Balancing act

In February, Washington Post columnist George Will wrote a piece entitled "Dark Green Doomsayers." This column, joined by two others over the last three months, was littered with blatant mistruths and distortions about climate science. For example, Will claimed that a study said global sea ice levels hadn't changed in 30 years when in fact that report documented sea ice loss of 520,000 square miles. Either painfully ignorant or deliberately deceitful, Will's work has incited intense criticism of the Post.

The paper has taken halfhearted steps to redeem itself. The Post's ombudsman responded, but really just defended the paper and its editors. Then the Post ran two powerful letters to the editor debunking Will's columns (one of them written by the Secretary General of the World Meteorological Organization, whose work Will also misused)... only to allow Will to misrepresent WMO data again in his third column!

Newspapers have a responsibility to provide accurate information to their readers. Allowing such thoroughly disproven material to be published, even in an opinion piece, undermines the journalistic integrity of the entire paper. And clearly others at the Post agree.

Because the editorial staff so clearly shirked its duty, serious journalists at the Post have stepped in. A week ago, Juliet Eilperin and Mary Beth Sheridan finally chastised Will-from the Post's news section. Their article on sea ice decline included a paragraph that reads: "The new evidence... contradicts data cited in widely circulated reports by Washington Post columnist George F. Will."

This is unprecedented. The task of fact-checking or retroactively correcting an errant columnist should fall to the editors or ombudsman, not to writers on page 3. And this incident skirts a journalistic issue of great importance to climate coverage: opinions in news.

News articles are supposed to contain facts, not opinion. In this case, Eilperin and Sheridan were justified because Will's recent columns have been so factually wrong. But subtly opinionated news has plagued global warming coverage for years.

At the beginning of the semester, I set out to examine the interaction between the media and the uninformed American public in this column. And as I wrap up this endeavor, I am also putting the finishing touches on an honors thesis investigating bias in the print coverage of climate change. To that end, I conducted a media analysis examining news stories (omitting editorial content) that mentioned global warming and how they portrayed the state of climate science.

I focused on measuring the "bias of balance," which occurs when reporters artificially equalize two unequally supported, competing viewpoints (like climate scientists versus skeptics). But the most interesting results appeared when I separated my data by source.

The New York Times, Wall Street Journal and Washington Post are among the nation's leading newspapers. And because writers for all three ostensibly strive for the same impartiality and cover the same set of climate-related events, one would think that their climate news coverage should be quite similar.

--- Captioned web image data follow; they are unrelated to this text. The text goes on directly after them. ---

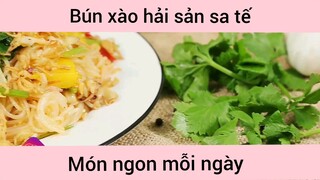 Bún xào hải sản sa tế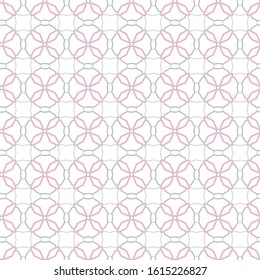 Seamless geometric ornamental vector pattern. Abstract background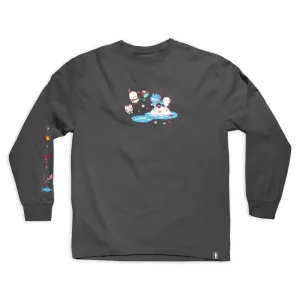 Girl x Sanrio Fishing L/S T-shirt - Charcoal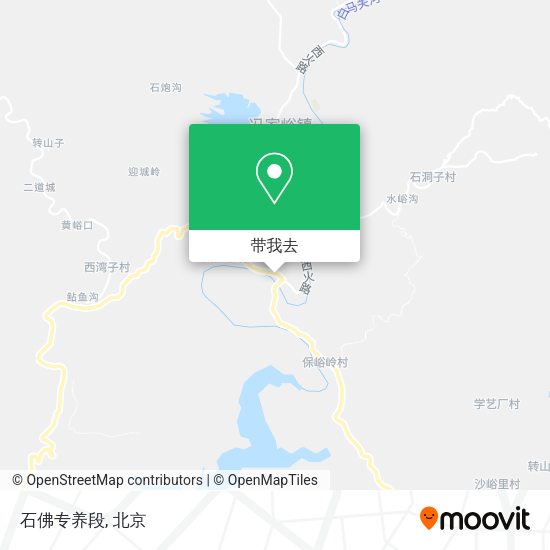 石佛专养段地图
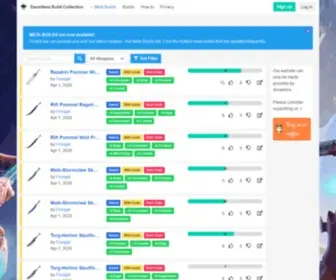 Dauntless-Build-Collection.com(Dauntless Build Collection) Screenshot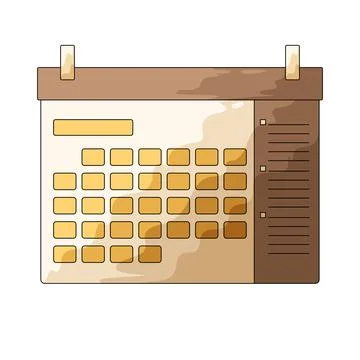 Calendar task list illustration Stock Illustration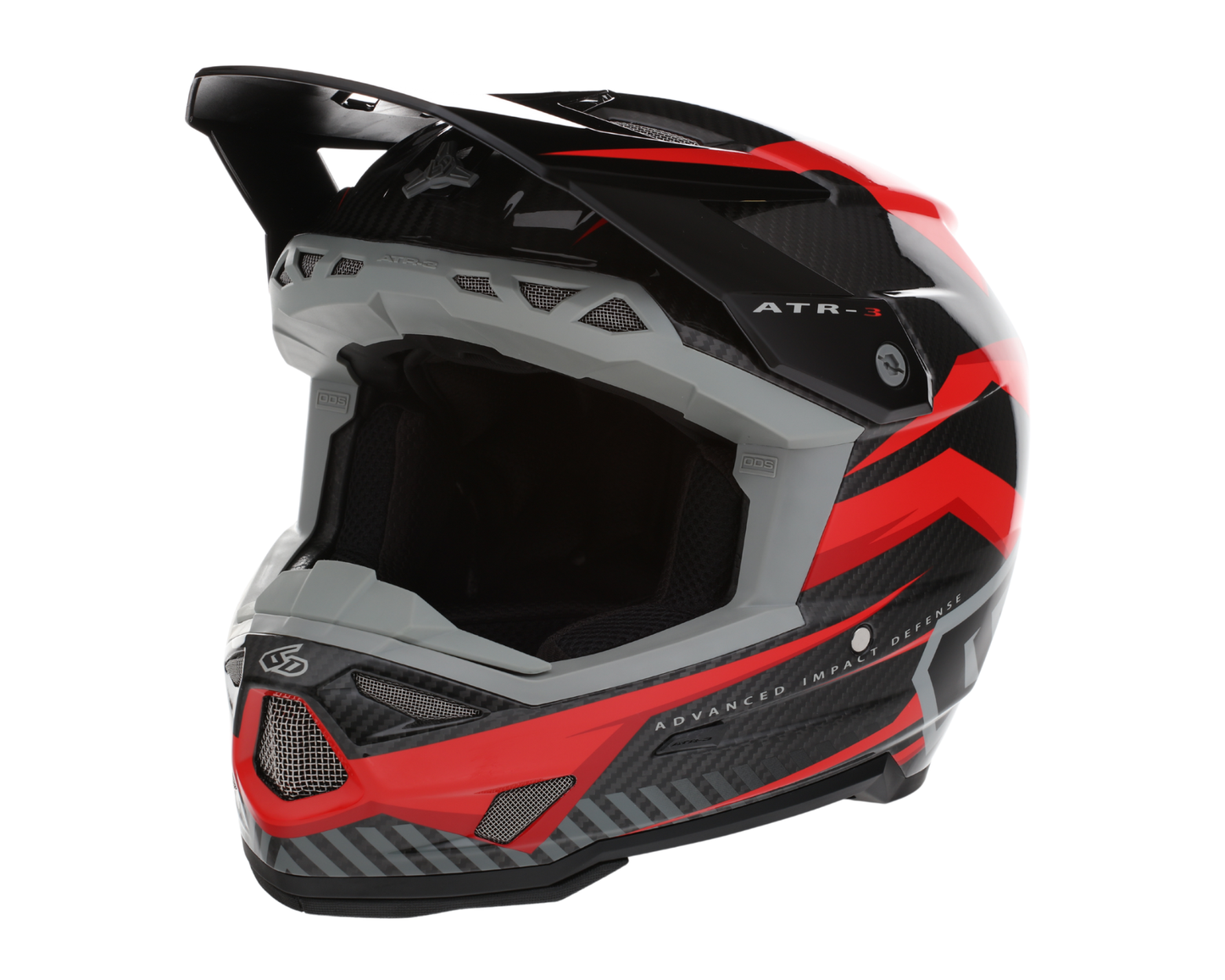 6D ATR-3 RIVAL GLOSS RED HELMET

And in the New York Times and Washington Post, it is. In the Wall Street Journal, however, articles are fully twice as likely to emphasize caution and voluntary programs to address climate change (rather than immediate mandatory regulation). They're also five times as likely to present with doubt the concretely established existence of anthropogenic (human-caused) warming. That's just in news stories, not opinion columns or letters. This suggests that editorial voices can infiltrate into supposedly objective news articles to significantly influence coverage.

But even the most accurate climate coverage may be lost on many people. A recent Gallup survey showed that a record-high 41 percent of Americans now think that news stories exaggerate the seriousness of climate change. Yet the lessons of my thesis apply to threats that people actually comprehend and respect too.

According to Tom Rosenstiel and Bill Kovach, distinguished journalists now leading the Pew Project for Excellence in Journalism, "the primary purpose of the media is to provide citizens with the information they need to be free and self-governing." And if that is true, today's media are largely failing.

With pundits driving coverage and politicians' sound-bites replacing expert analysis, real journalism is getting drowned out; we should be hearing from Joe the Economist, not Joe the Plumber. And the fact that you can turn on different "news" stations and see completely different views of the world is a shameful indictment of our overly politicized country.

The media have collectively settled on a misguided notion of balance and "fairness" as their single-minded priority for journalism. But what this country really needs right now is an emphasis on accuracy. Viewers should not get to decide what facts are real. There is far too much at stake for such foolishness.

Opinion journalism has its place, and that's not on the cover or under a breaking news headline. It's here at the back of the paper, behind even the comics, where commentaries belong.

Jamie Friedland is a Trinity senior. This is his last column.